Start of Entries provided

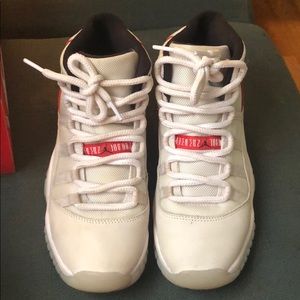 Air Jordan 11’s retro platinum tint
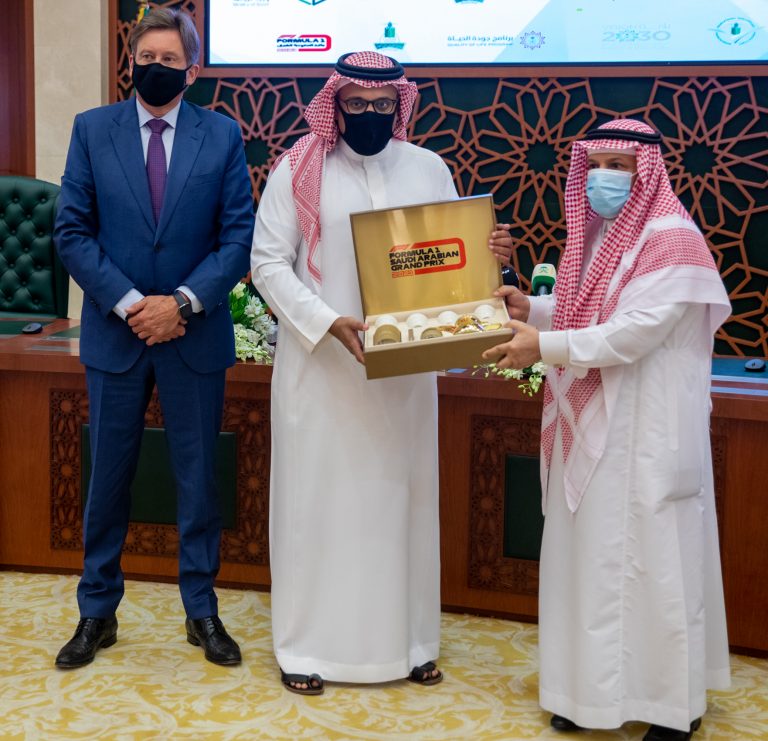 الاتحاد السعودي للسيارات والدراجات النارية وجامعة الملك عبدالعزيز يوقّعان إتفاقية تعاون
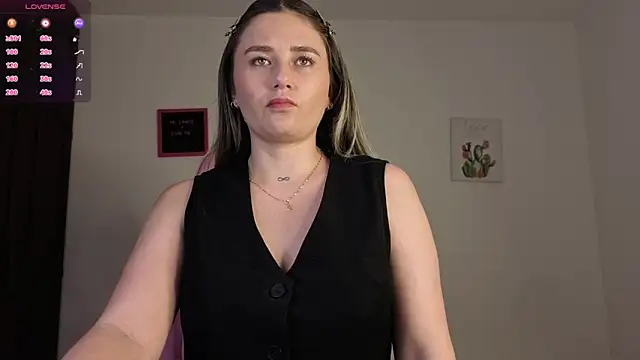 Veronika  Winslow  online show from 12-14-25, 03:13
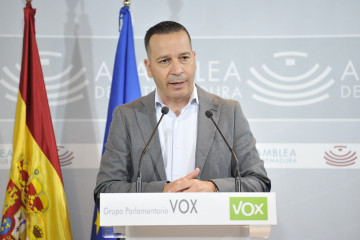El portavoz de Vox en la Asamblea de Extremadura, Óscar Fernández Calle, en rueda de prensa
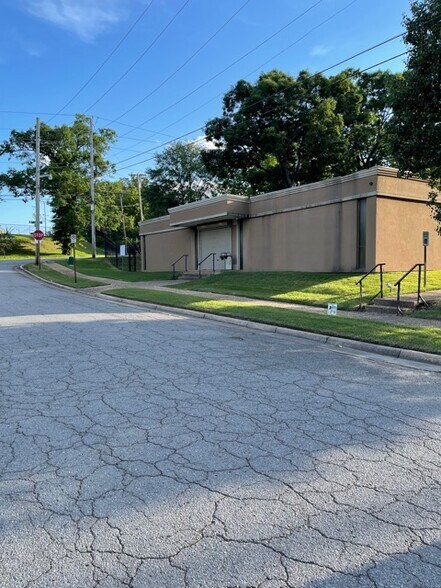More Photos Of 5100 W 12th St, Little Rock Medical For Sale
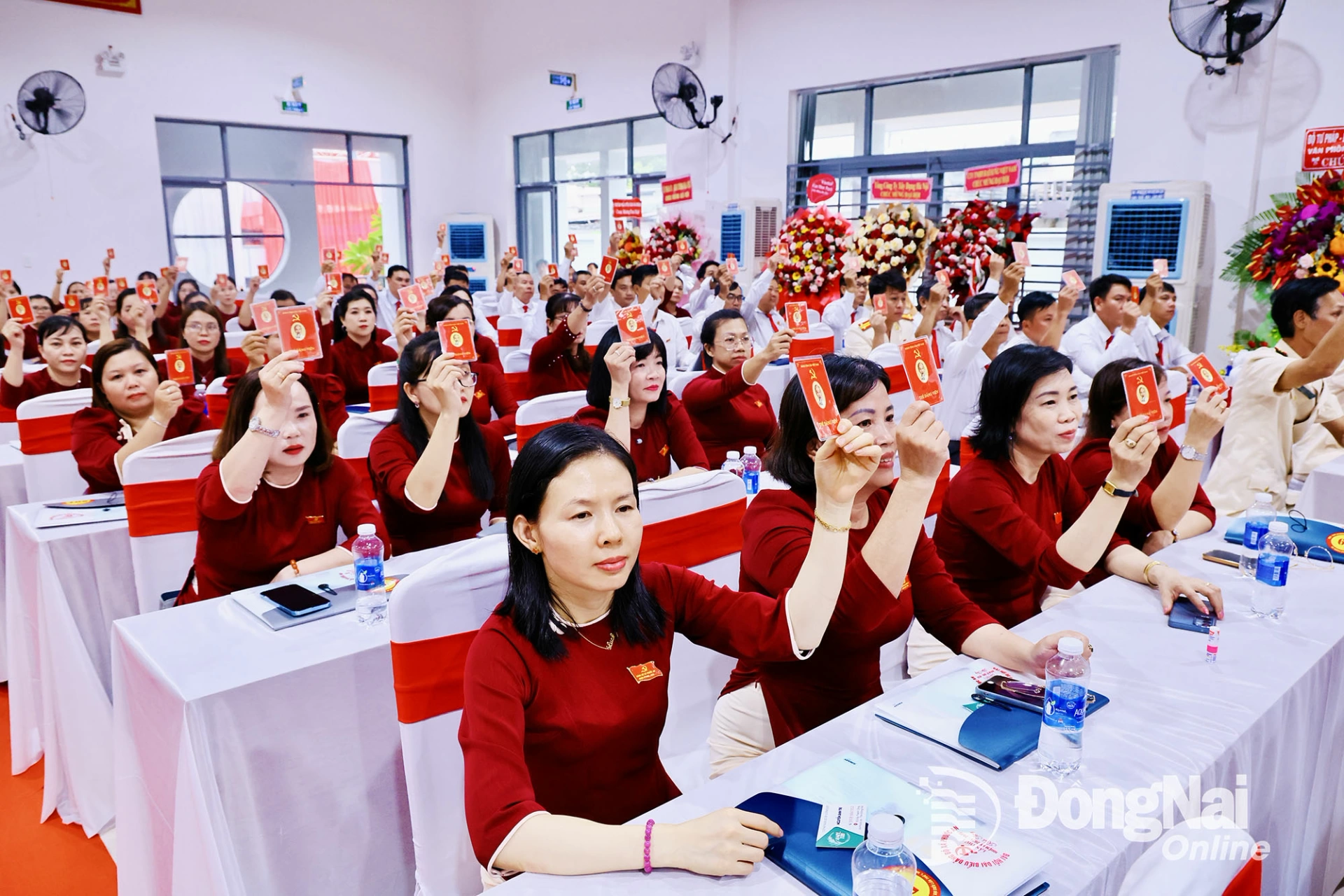 Các đại biểu tham dự Đại hội Đại biểu Đảng bộ xã Phước An  nhiệm kỳ 2025-2030 biểu quyết thông qua nghị quyết đại hội.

End of Entries provided

Task description -
Beginning at the line with "from 12-14-25, 03:13", reproduce word for word each line through the last line of the records. Include both ends but no pictures.

Result of this task -
 Veronika  Winslow  online show from 12-14-25, 03:13
El portavoz de Vox en la Asamblea de Extremadura, Óscar Fernández Calle, en rueda de prensa
More Photos Of 5100 W 12th St, Little Rock Medical For Sale
 Các đại biểu tham dự Đại hội Đại biểu Đảng bộ xã Phước An  nhiệm kỳ 2025-2030 biểu quyết thông qua nghị quyết đại hội.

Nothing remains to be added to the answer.